The Trickle-down diet

This diet is to kill the tradition that eating less makes you thin. Talk to thin people and see if one of them keeps himself that way by eating “lightly”. Invariably he will tell you he is eating like a horse because he wants to put on weight. And look for one fat person who got that way by overeating. Invariably these turn out to be the only “light eaters” there are, because they think that will make them thin.

So both thin and fat people are merely proving the simple fact that the secret of thinness is to eat all you can.

If you overeat you get so full you unconsciously cut back at times, and then you lose weight since your body is adjusted to your high intake. If you undereat you get so hungry you unconsciously eat more at times, and then you gain weight since your body is adjusted to your low intake.

It is based on the principle that your body attunes its caloric needs to match the amount you eat the majority of the time. So it isn't the amount you eat but rather the brief variations from this norm that make the difference in your weight. And in the case of the overeater they are bound to be downward, which is what you want.

One well-known application of this principle is the Rotation Diet.

Now you will gain weight when you begin your overeating, and that will begin to level off as your body adjusts to the new intake level, but remember you'll cut back without even noticing it, and it is at those times that your pounds just drop off.
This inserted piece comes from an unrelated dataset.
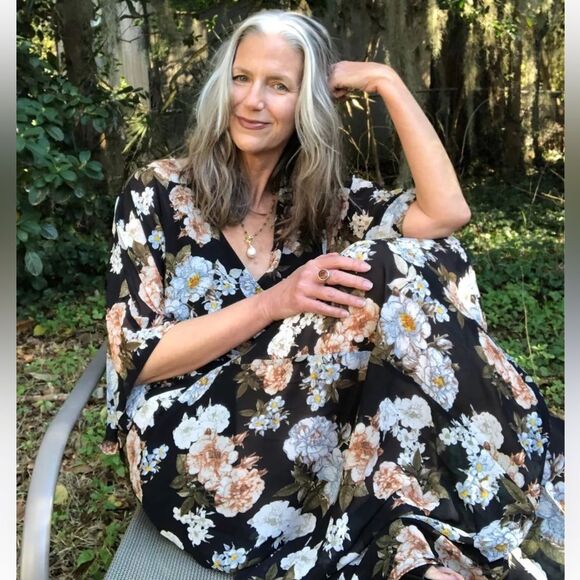 Baltic Born XXL Kia Black Blue Blush Pink Floral Kimono Maxi Dress - Picture 2 of 14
When you are at your desired weight, you can begin to ease down to the most comfortable food intake and stay there. Of course you will lose more weight, but really, does that worry you?

If your weight starts to drift you can always kick it back into place by briefly altering your calorie intake.

The Bicycle Diet

Now don't think this is a treatise on losing weight by burning off calories on a bicycle-riding regimen. On the contrary I want to use the mechanics of the bicycle to illustrate a sort of principle of double psychology. I first got the idea from a motorcycle handbook where it described how to steer. The first step in turning right is to begin turning the handlebar to the left. If anyone has ever ridden two wheels you may remember that this is exactly what you do. Turning the wheel to the left causes the bike to immediately lean to the right. When it does, the gyroscopy of the wheel will make it turn right as well until you are turning at a degree that corresponds to the lean.

Here is the key to getting your body to cooperate with attempts to let go of its fat. Instead of fighting against your increasingly voracious appetite, begin by increasing the amount of food you eat, past the point of satisfaction. Your body will pretty quickly request a cutting down of the food intake, and as it does that you quietly comply. You are in effect shortcircuiting the famine response and making the body feel safer in moderating the amount of food it craves.

The similarity of dieting with riding a bike is especially amusing if you hear someone complaining, “My bicycle doesn't seem to want to turn right. As soon as I turn my handlebar right my bike leans left and I end up going left instead. My bicycle must have left genes.”